• [Given material]:

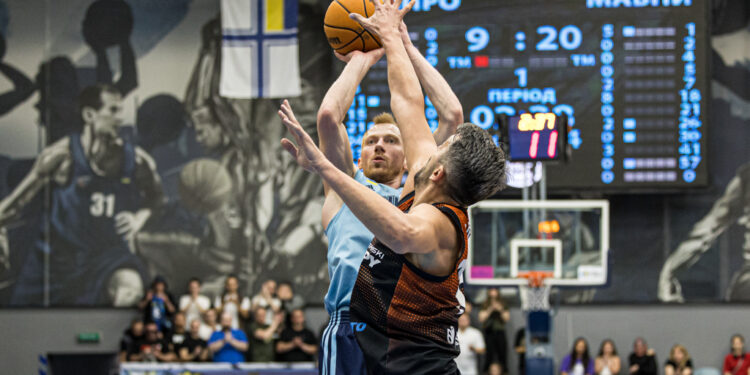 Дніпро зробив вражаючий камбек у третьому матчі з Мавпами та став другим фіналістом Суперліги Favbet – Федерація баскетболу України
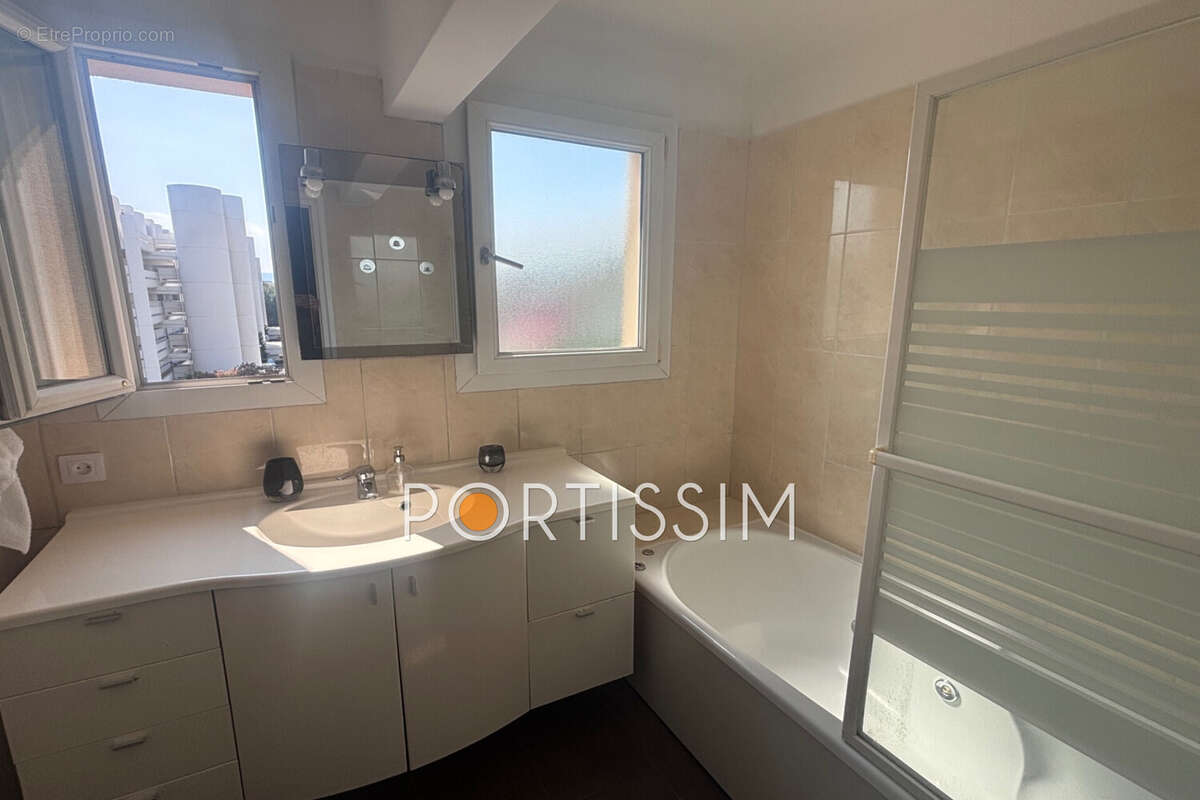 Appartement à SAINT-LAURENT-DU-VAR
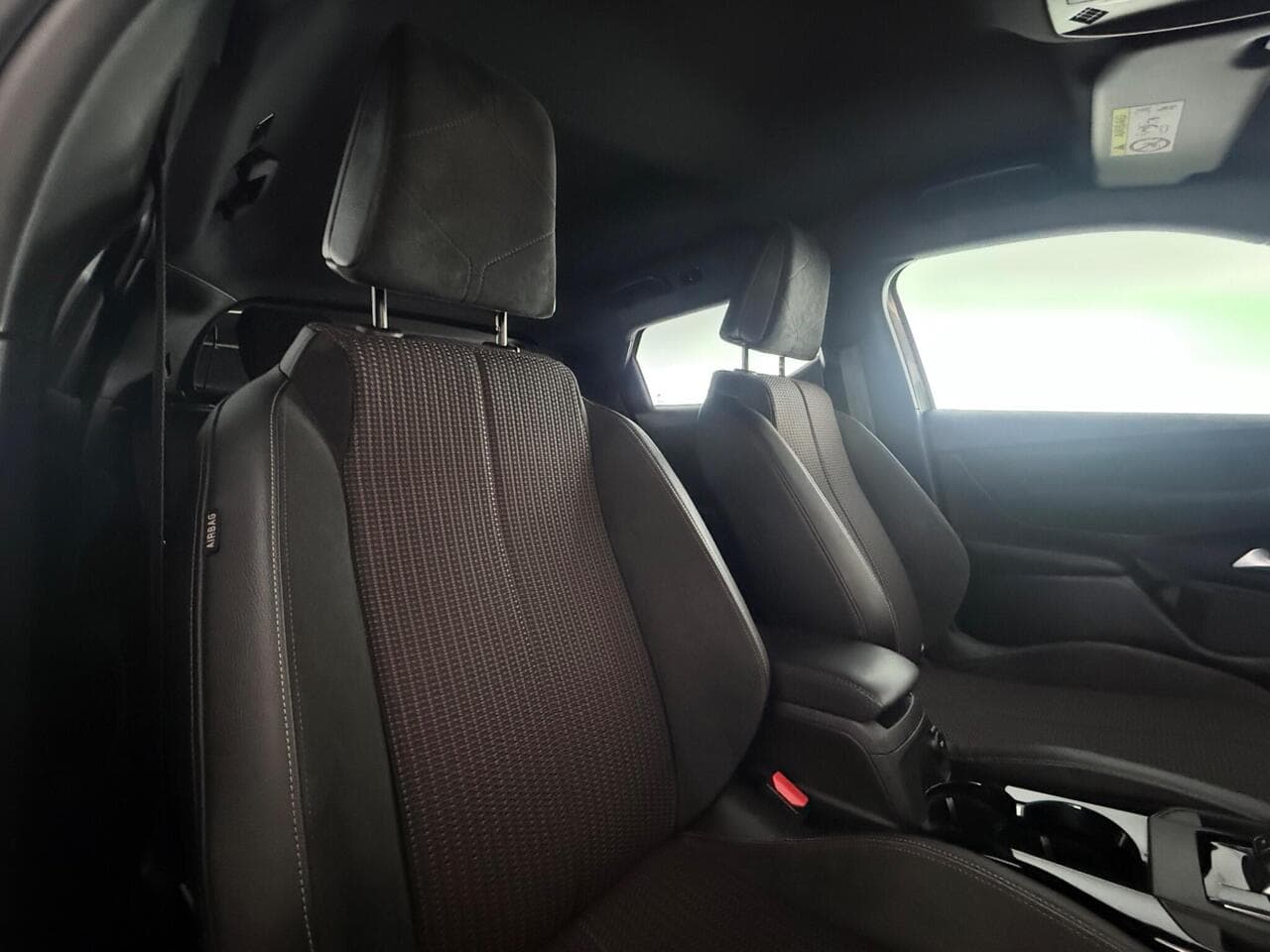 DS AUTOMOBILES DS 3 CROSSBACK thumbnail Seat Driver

• [Exercise prompt]: Begin with the line holding "Appartement à SAINT-LAURENT-DU-VAR" and end with the last line of the listing. Reproduce each of those lines exactly, and leave every picture out.

• [Written reply]:
 Appartement à SAINT-LAURENT-DU-VAR
 DS AUTOMOBILES DS 3 CROSSBACK thumbnail Seat Driver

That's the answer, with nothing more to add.